━━━━━ PROVIDED RECORDS

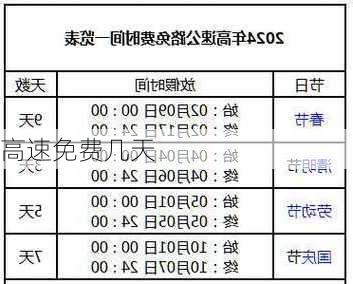 高速免费几天-第3张图片-滋味星座网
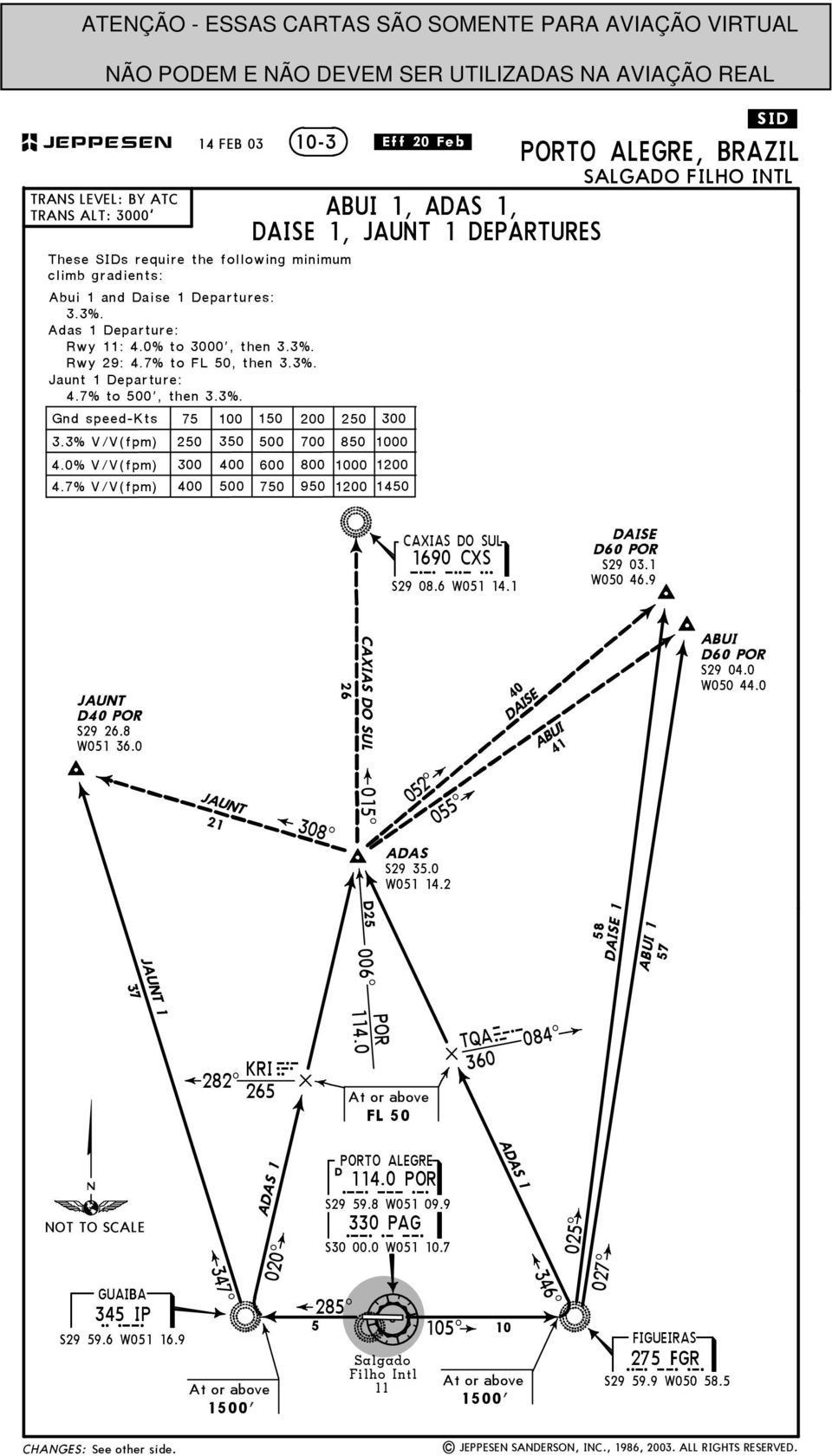 7% to 500', then 3.3%. Gnd speed- 75 150 200 250 300 3.3% V/V(fpm) 250 350 500 700 850 0 4.0% V/V(fpm) 300 400 600 800 0 1200 4.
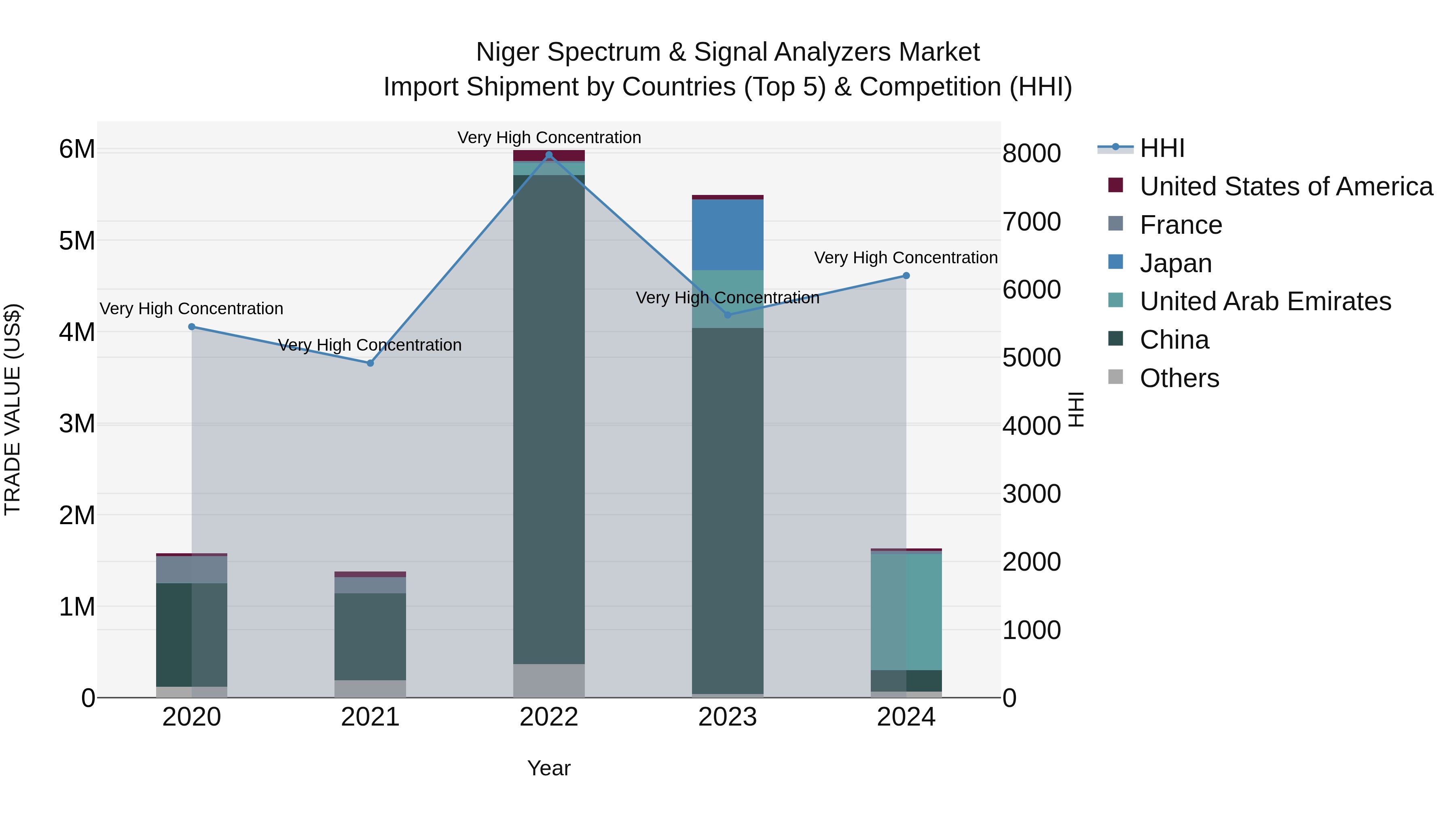 Niger Spectrum & Signal Analyzers Market: Top 5 Importing Countries and Market Competition (HHI) Analysis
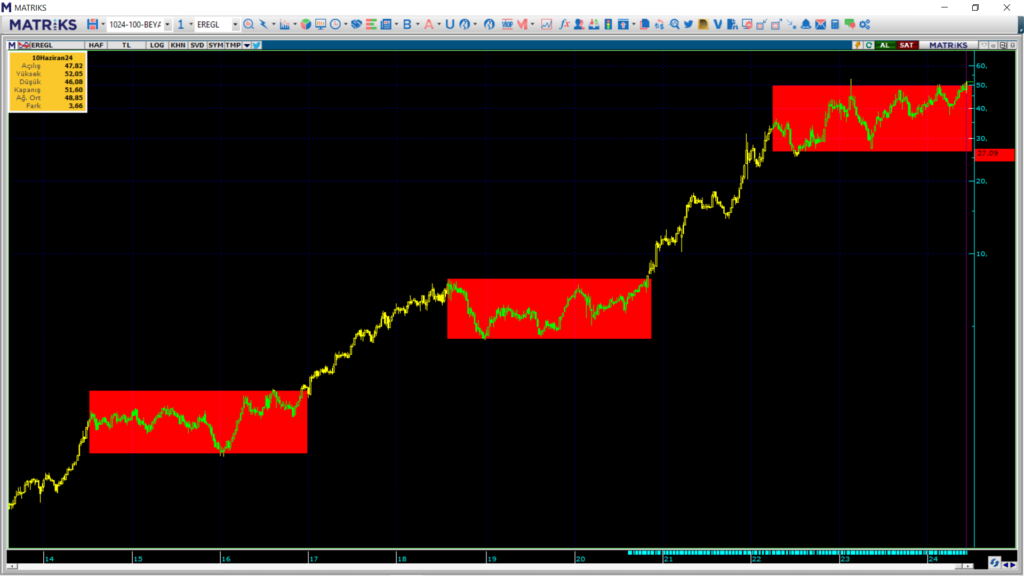 Erdemir Ereğli Demir Çelik (EREGL) hedef fiyatları ve teknik analizi! | Rota Borsa Erdemir Ereğli Demir Çelik (EREGL) hedef fiyatları ve teknik analizi! | Rota Borsa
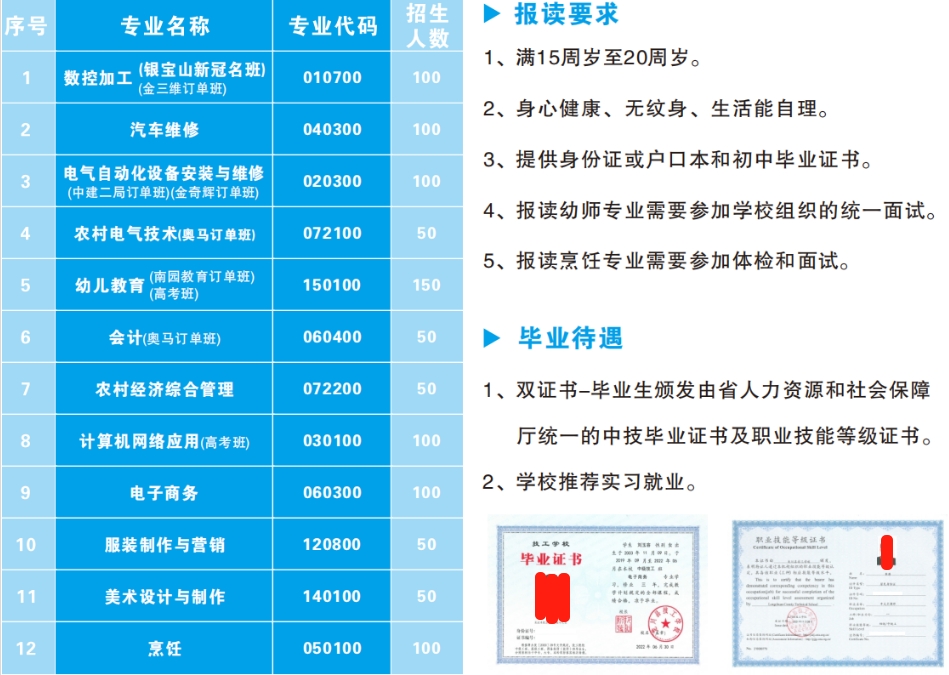 龍川縣職業(yè)技術(shù)學(xué)校2023年招生簡章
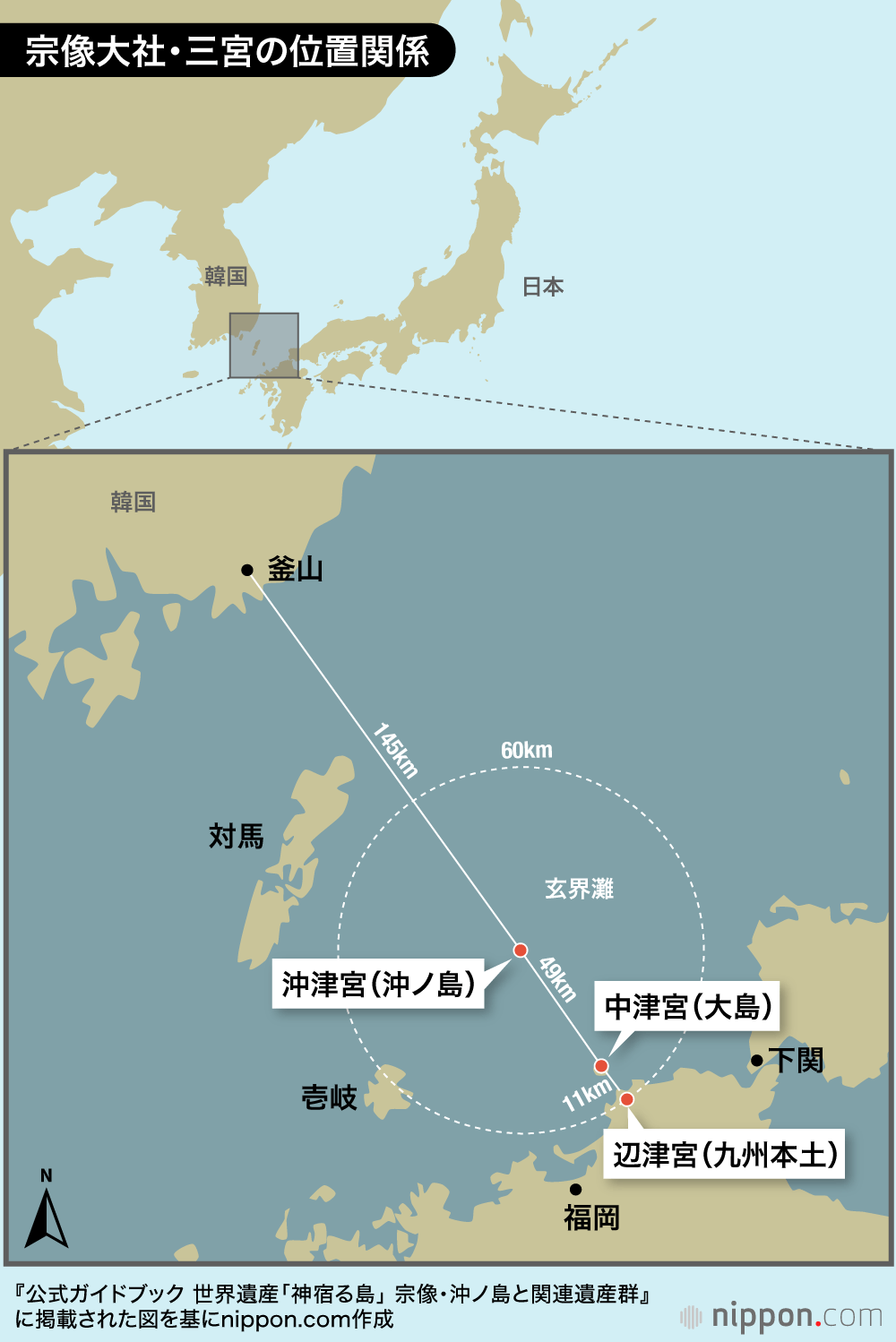 宗像大社：古代の神祭りを21世紀に伝える世界遺産
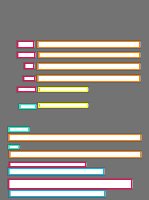 Annotation Visualization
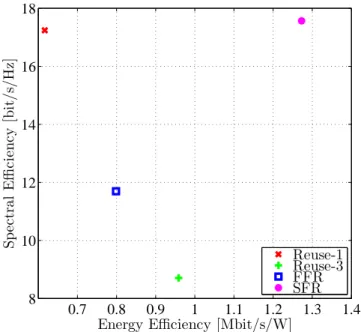 Figure 2.8: Spectral efficiency versus energy efficiency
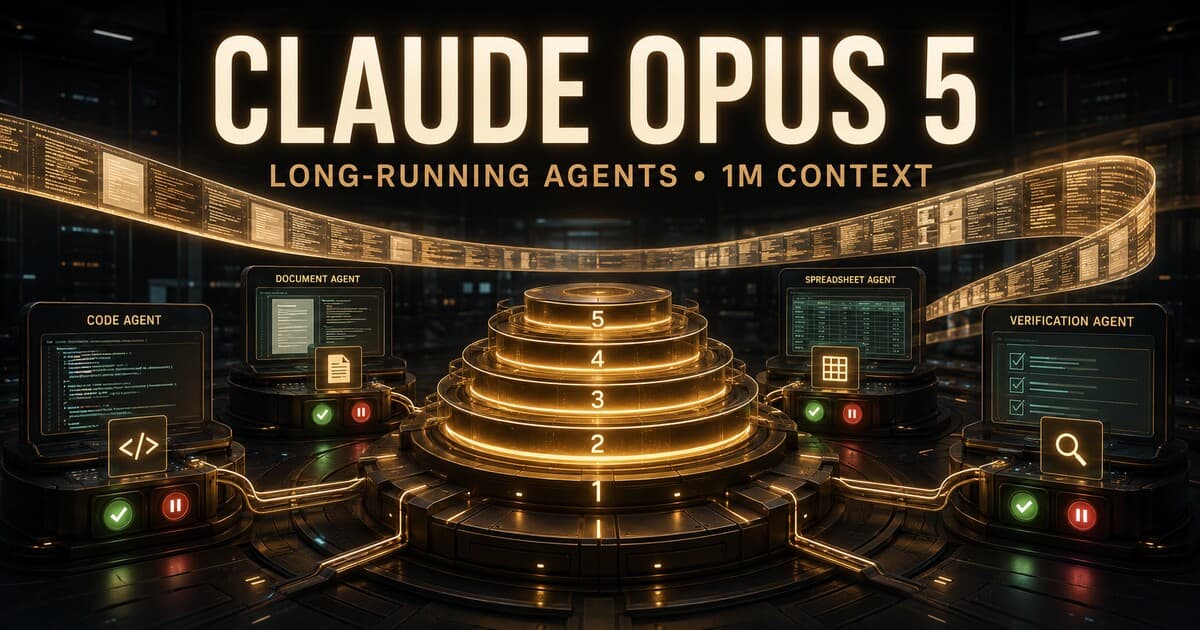 Claude Opus 5 Is Here: Price, 1M Context, Agent Upgrades and the Limits to Watch social preview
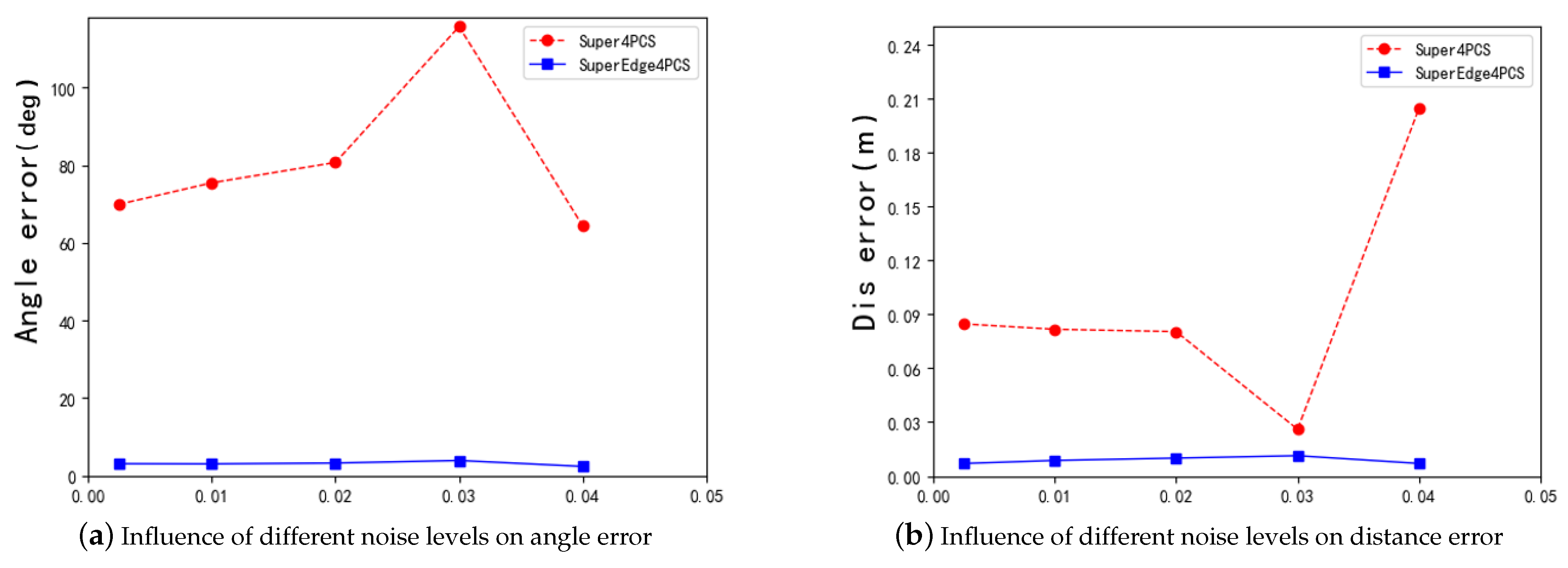 Remotesensing 13 03210 g019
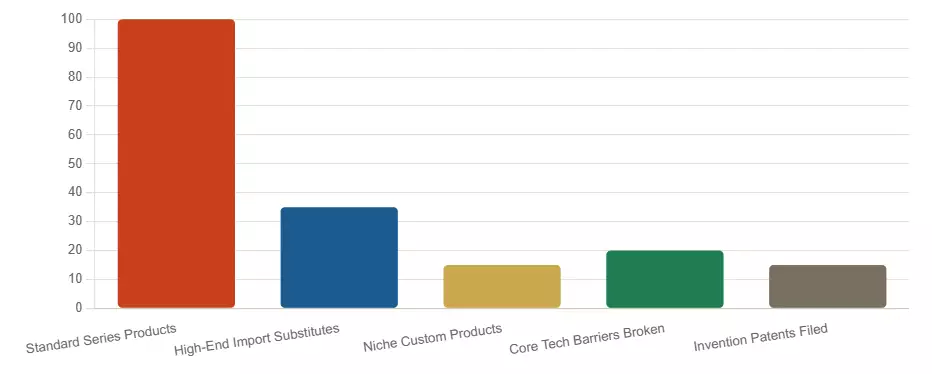 2025-RD-製品カテゴリー別出力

━━━━━━━━━━

→ **TASK INSTRUCTIONS**
Retype, word for word, only the lines from the line with "Annotation Visualization" to the final line of the listing above; the pictures do not belong in the copy.

→ **ANSWER TO THE EXERCISE**
 Annotation Visualization
 Figure 2.8: Spectral efficiency versus energy efficiency
 Claude Opus 5 Is Here: Price, 1M Context, Agent Upgrades and the Limits to Watch social preview
 Remotesensing 13 03210 g019
 2025-RD-製品カテゴリー別出力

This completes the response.